What happens to the soul of the slave if the shackles release?"– Marco Pavé
New work commissioned by Georgetown University for spoken word,
ensemble, and piano honors those who suffered during the slave trade
years
Requiem for the Enslaved will be released June 17 as a physical and digital album on Decca Label Group
Requiem for the Enslaved Story
Decca is proud to announce the signing of US composer Carlos Simon and the release of his new album Requiem for the Enslaved.
The title work sees Simon infuse the traditional Catholic requiem with
music from African American spirituals to create a haunting piece for
chamber ensemble and spoken word.
The album’s central piece, Requiem for the Enslaved, with text by Marco Pavé, was commissioned by Georgetown University, where Simon is currently Assistant Professor of Composition, following
a decision by its student body in 2020. A majority voted to establish a
reparations fund to be paid to descendants of 272 enslaved people who
were sold for $115,000 by the Maryland Jesuits, the founders of
Georgetown, in 1838 to rescue the university from bankruptcy. This work
honours the passing of those people purchased and sold by the founders.
Upon receiving the commission, Simon visited the Louisiana cotton
plantation that purchased the enslaved people and delved through the
Georgetown archives for historical research as he began work on the
piece. The album’s cover is inspired by this location.

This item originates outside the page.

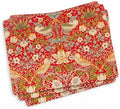 Pimpernel Morris & Co Strawberry Thief Red Placemats, Set of 4 - Heat & Stain Resistant, Cork Back Table Mats Featuring Classic Birds & Botanical Design - Minimal Tableware for Hosting by Pimpernel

Carlos Simon says of the work, “I’m so grateful to
be joining the Decca family and to be finally releasing this project. It
is my hope that I not only honour the men, women and children sold into
slavery, but also recognize that systemic racism is still ever present
in our society.”
Alongside the full 50-minute performance of Requiem for the Enslaved, the album features three reflective bonus tracks reworking musical material from the piece. Simon, an esteemed pianist, performs himself, along with trumpeter MK Zulu.

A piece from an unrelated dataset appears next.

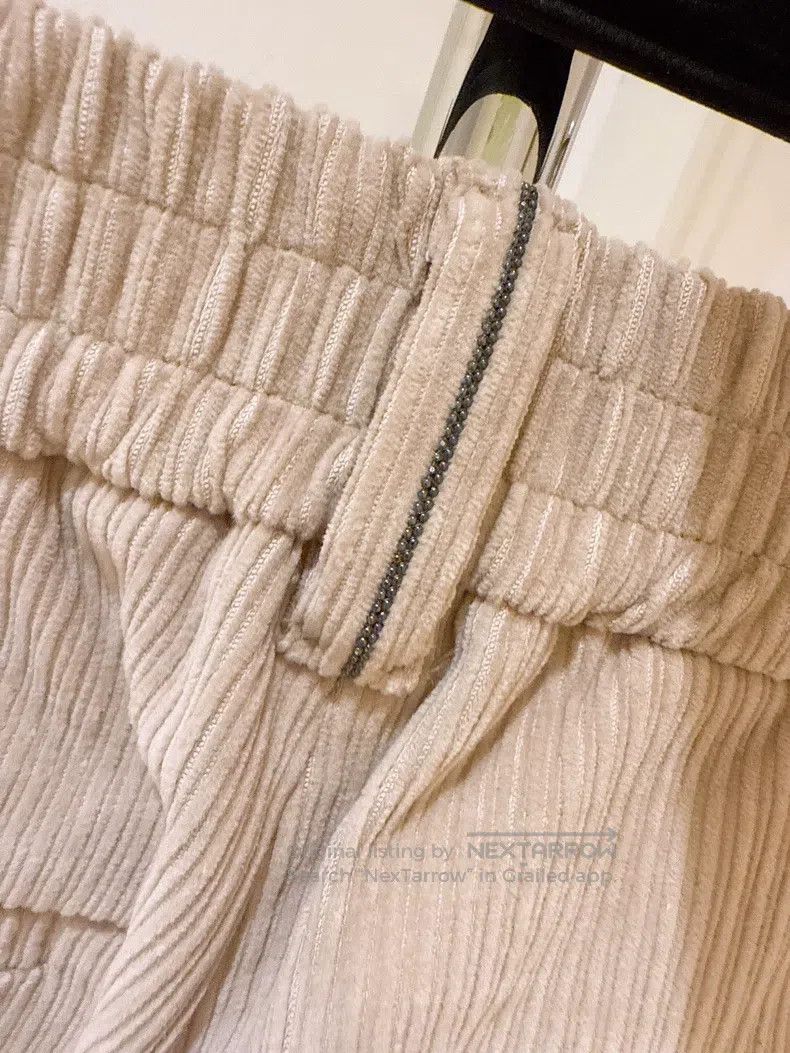 Brunello Cucinelli Brunello Cucinelli Khaki corduroy wide-leg pants Size 24" / US 00 / IT 34 - 6 Thumbnail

Simon, the son of a New Orleans preacher, draws on both his gospel music heritage and his training in Western composition. Requiem for the Enslaved
adapts the ten-movement requiem form, featuring spoken word by spoken
word and hip-hop artist Marco Pavé, which draws from the West African griot and jali legacy
of storytelling. Echoes of Gregorian chant blend into Simon’s
distinctive neoromantic compositional voice, performed by the pioneering
Boston-based ensemble Hub New Music (violin, flute, cello and clarinet)

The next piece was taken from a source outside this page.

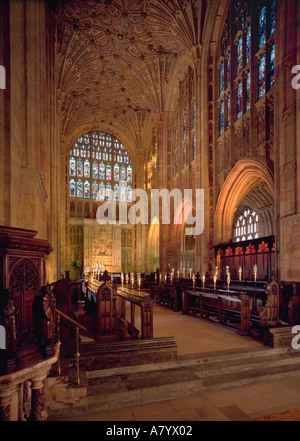 Sherborne Abbey in Dorset England showing the famous fan vaulting which was added in the 15th century Stock Photo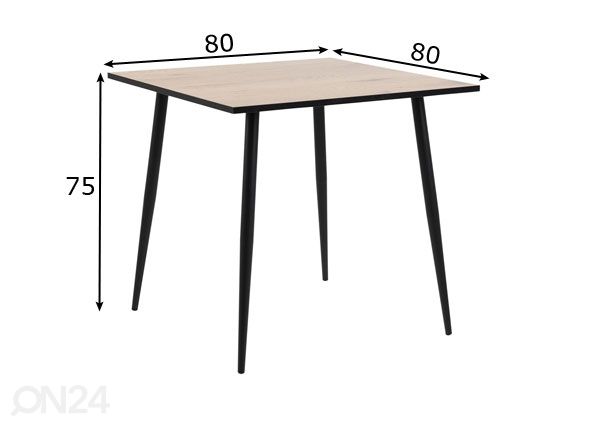 Обеденный стол 80x80 cm размеры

and trumpeter MK Zulu. Overlapping, multi-cultural meaning is packed
into the work. Melodic cells from the spiritual “Oh When The Saints Go Marching In”,
a hymn tune often heard played by a second line funeral procession in
New Orleans, are woven into the requiem. In a powerful nod to both the
bell that rings to direct academic life at Georgetown, and the bells
that rang to summon the enslaved people to work on the Louisiana cotton
plant, an evocative bell ring reoccurs throughout Simon’s Requiem.